[Short descriptive text snippets]
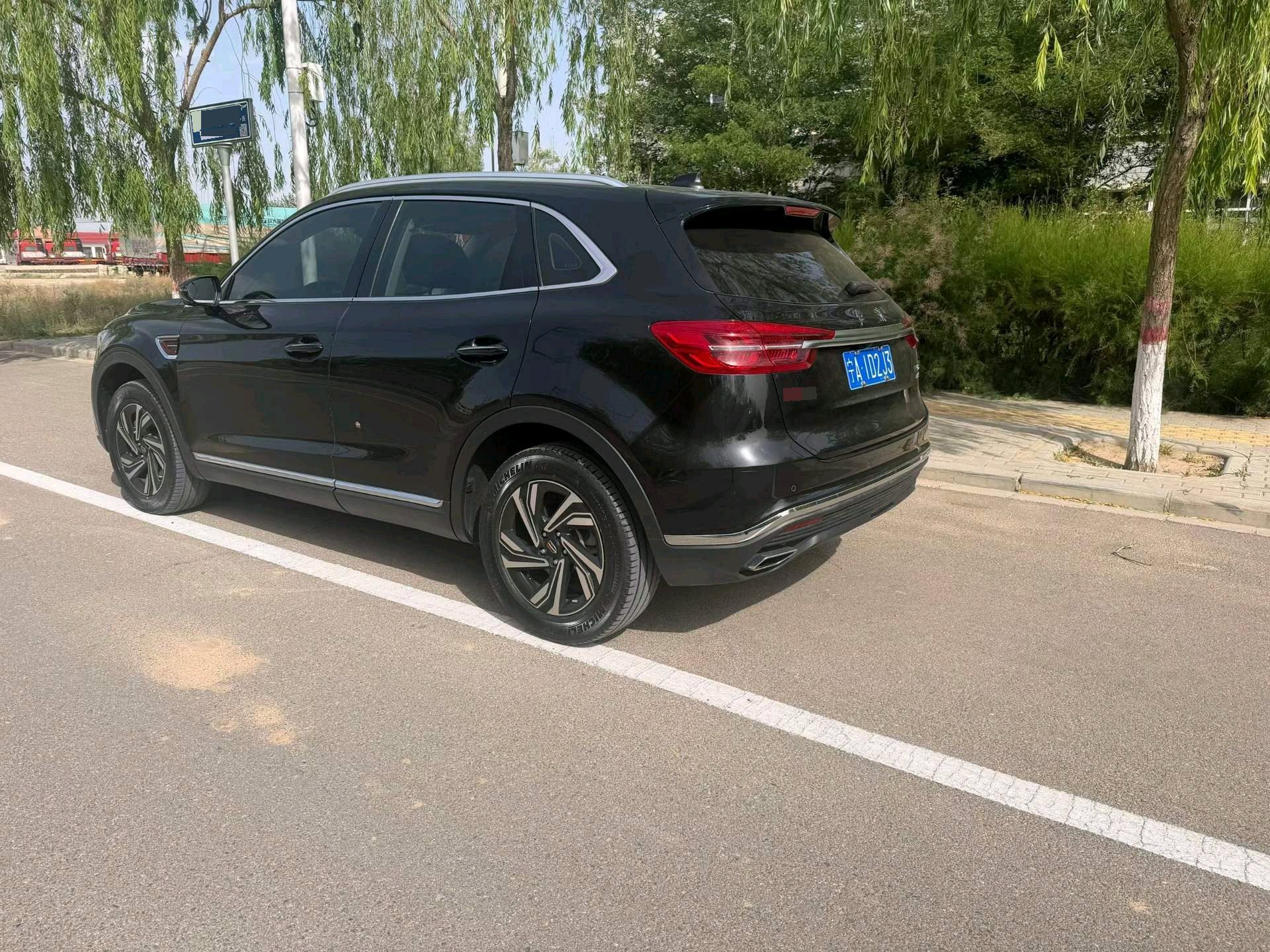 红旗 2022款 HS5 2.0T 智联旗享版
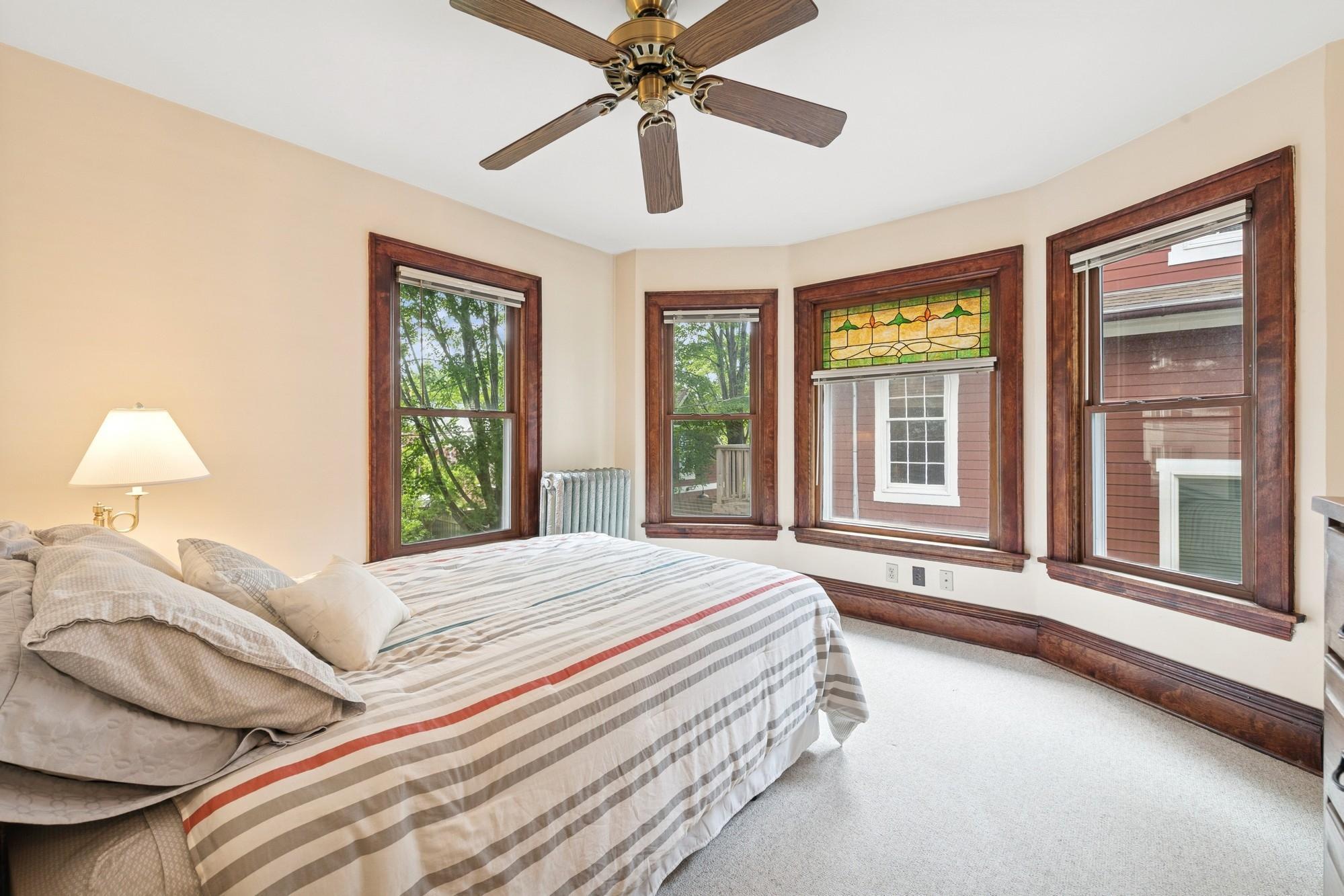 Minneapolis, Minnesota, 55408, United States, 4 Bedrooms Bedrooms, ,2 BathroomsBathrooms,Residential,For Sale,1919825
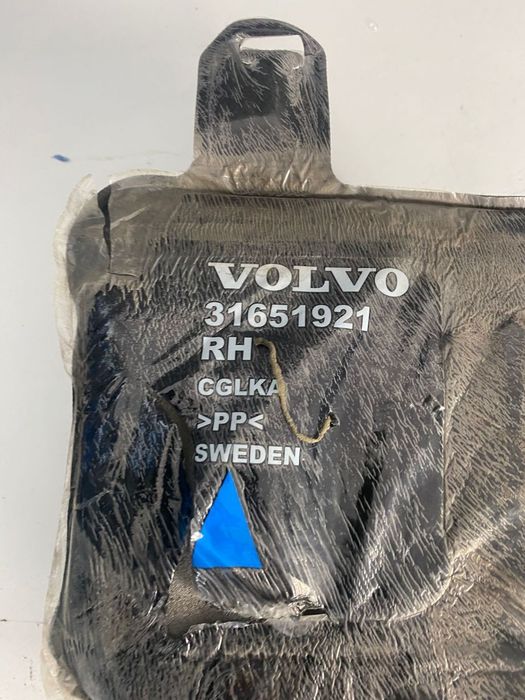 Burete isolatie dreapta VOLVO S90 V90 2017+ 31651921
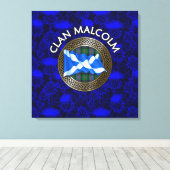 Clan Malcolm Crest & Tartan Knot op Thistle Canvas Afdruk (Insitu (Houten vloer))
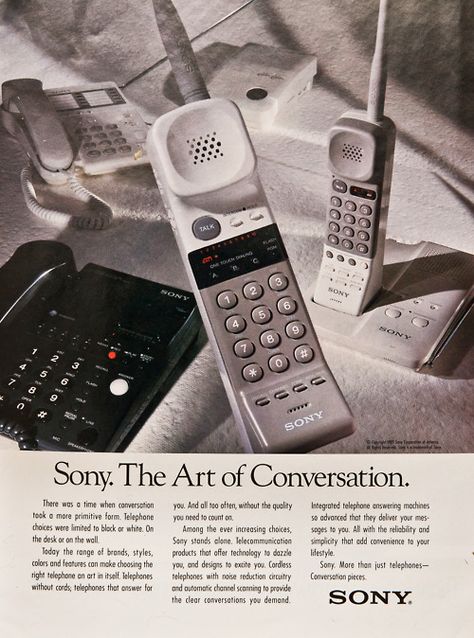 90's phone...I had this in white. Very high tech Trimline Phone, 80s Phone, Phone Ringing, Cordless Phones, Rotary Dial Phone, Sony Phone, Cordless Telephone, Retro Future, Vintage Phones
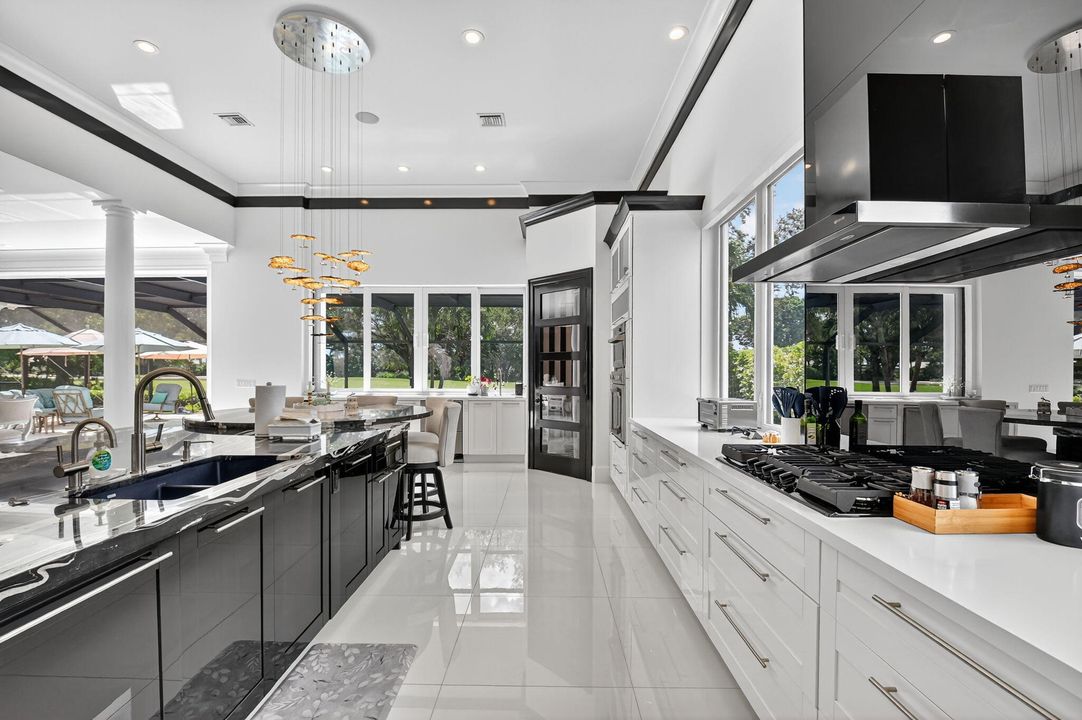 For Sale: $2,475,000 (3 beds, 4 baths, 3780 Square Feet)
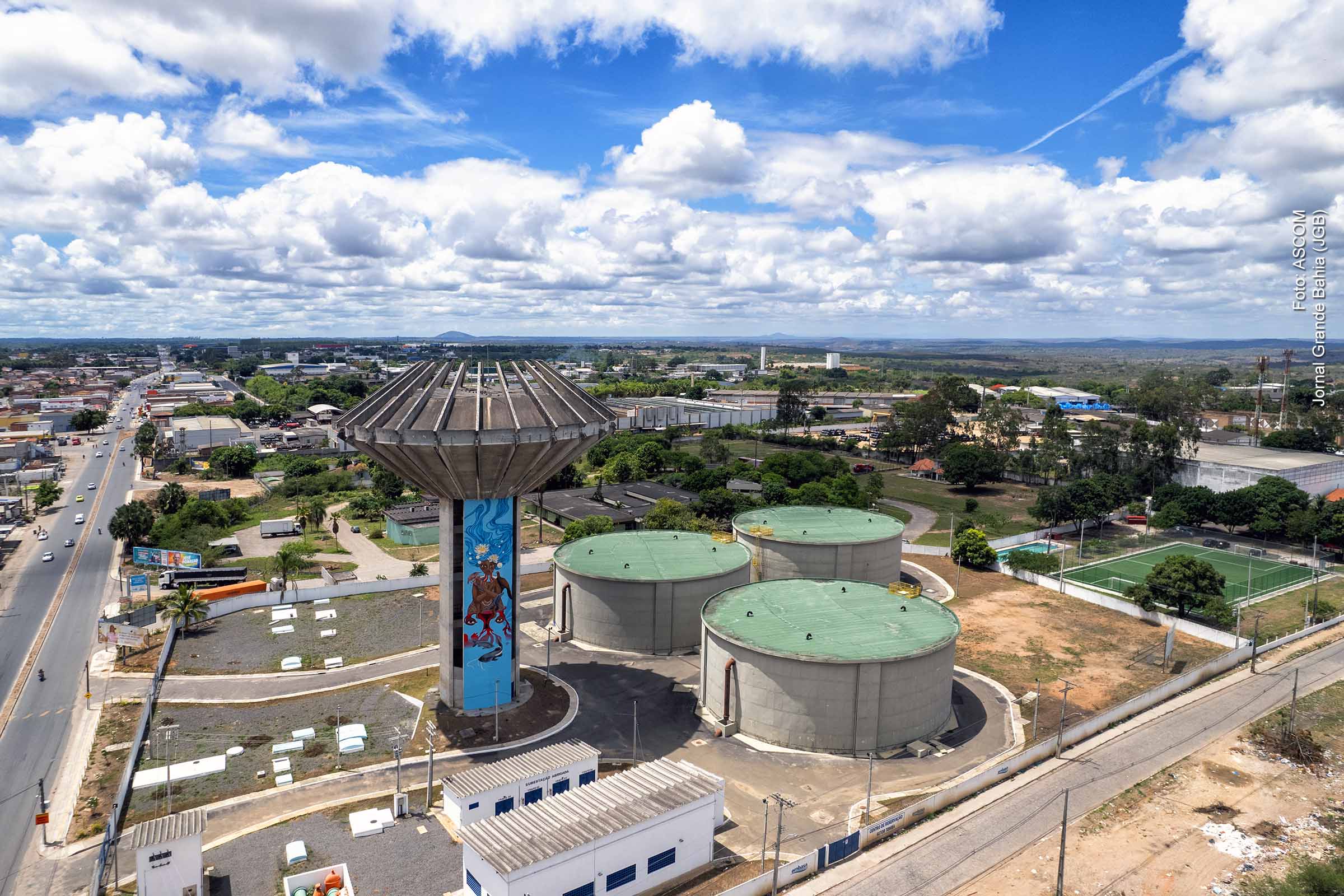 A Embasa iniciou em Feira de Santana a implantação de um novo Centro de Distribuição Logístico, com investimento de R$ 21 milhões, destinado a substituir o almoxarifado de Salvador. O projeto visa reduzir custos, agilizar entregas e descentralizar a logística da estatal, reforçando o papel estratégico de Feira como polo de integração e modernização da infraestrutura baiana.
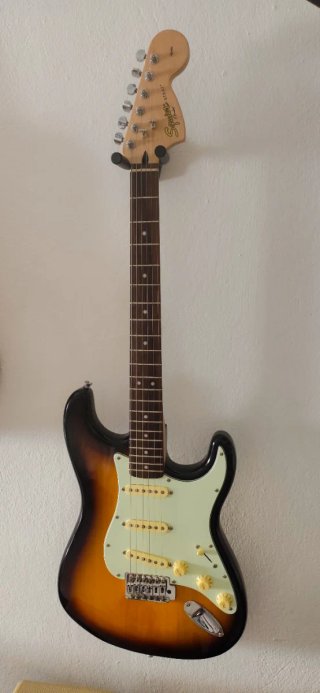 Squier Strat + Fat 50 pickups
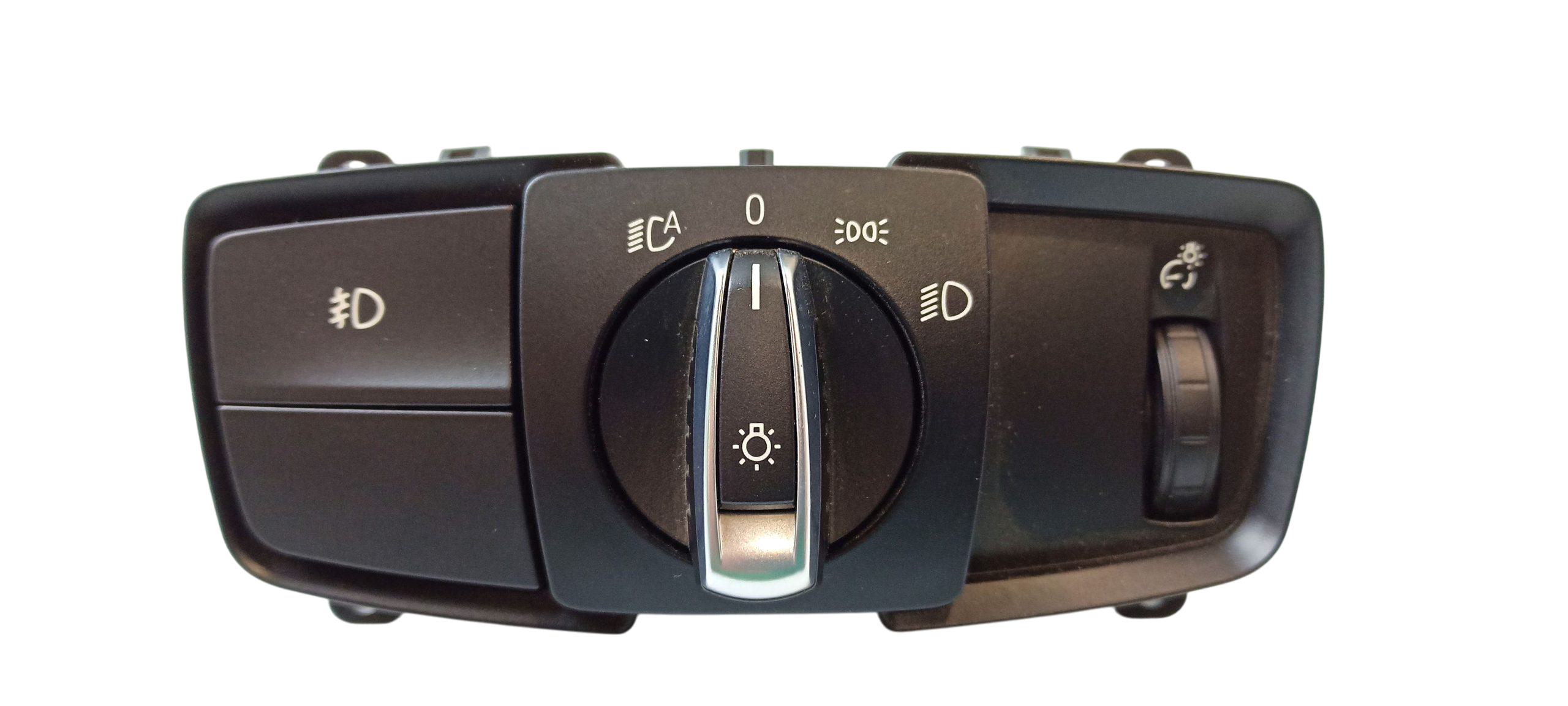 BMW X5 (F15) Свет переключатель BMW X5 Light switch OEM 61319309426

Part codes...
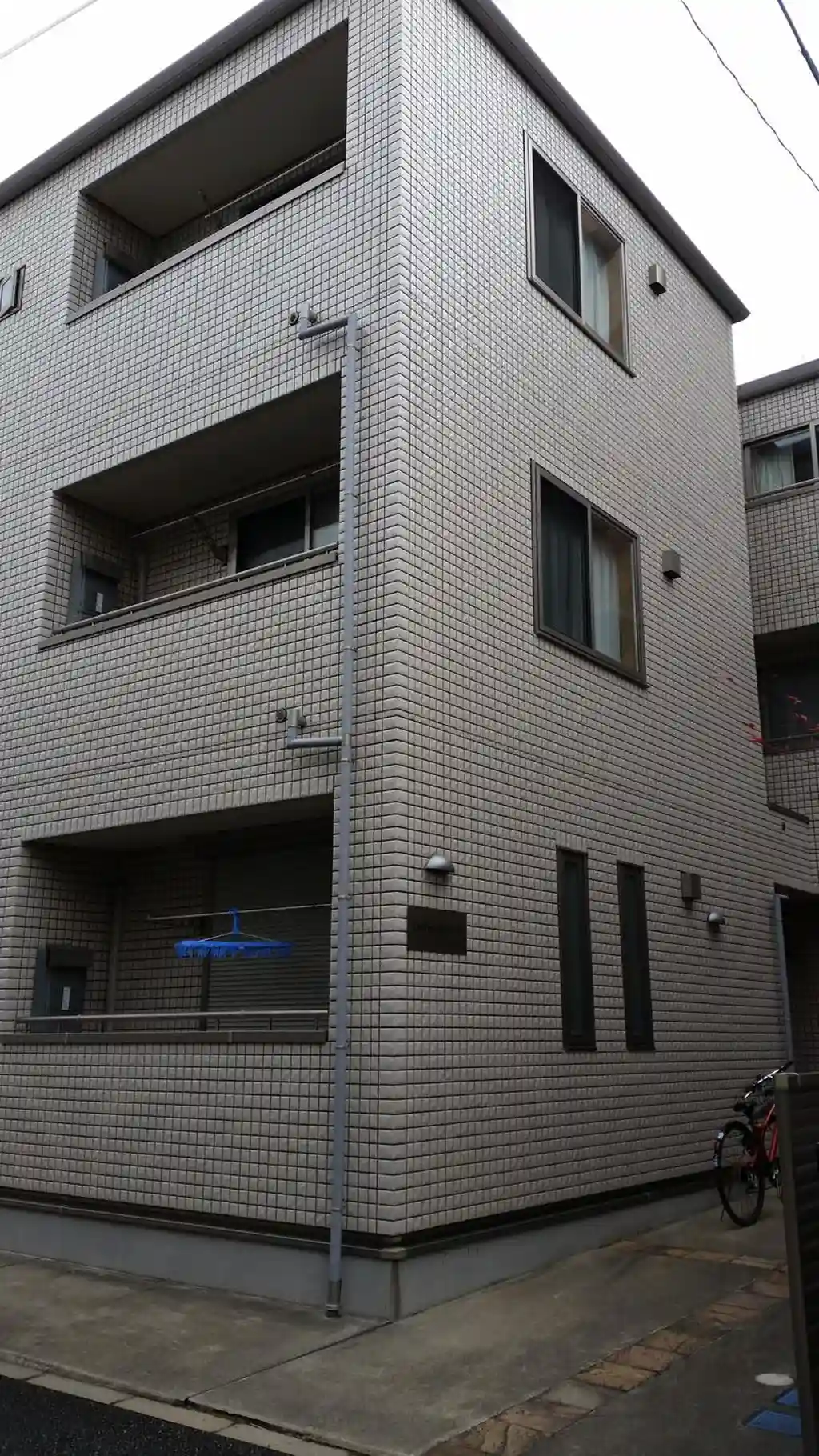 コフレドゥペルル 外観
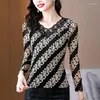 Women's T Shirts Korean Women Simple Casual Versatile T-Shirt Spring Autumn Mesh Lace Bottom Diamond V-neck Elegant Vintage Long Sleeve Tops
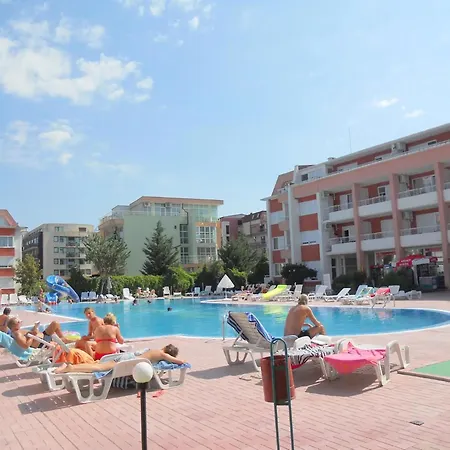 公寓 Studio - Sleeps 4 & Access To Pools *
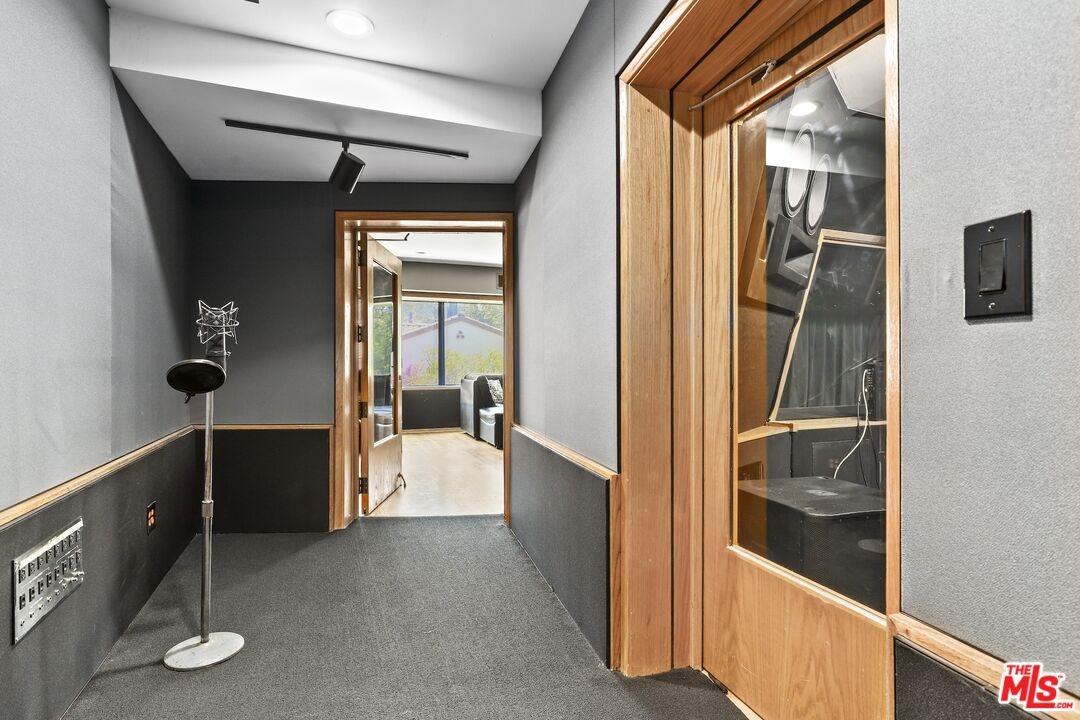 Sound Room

ABOUT THIS EXERCISE → Copy the lines of the records, beginning where the line containing "Part codes..." appears and continuing through the final line, exactly and with no pictures.

WRITTEN SOLUTION →
Part codes...
 コフレドゥペルル 外観
 Women's T Shirts Korean Women Simple Casual Versatile T-Shirt Spring Autumn Mesh Lace Bottom Diamond V-neck Elegant Vintage Long Sleeve Tops
 公寓 Studio - Sleeps 4 & Access To Pools *
 Sound Room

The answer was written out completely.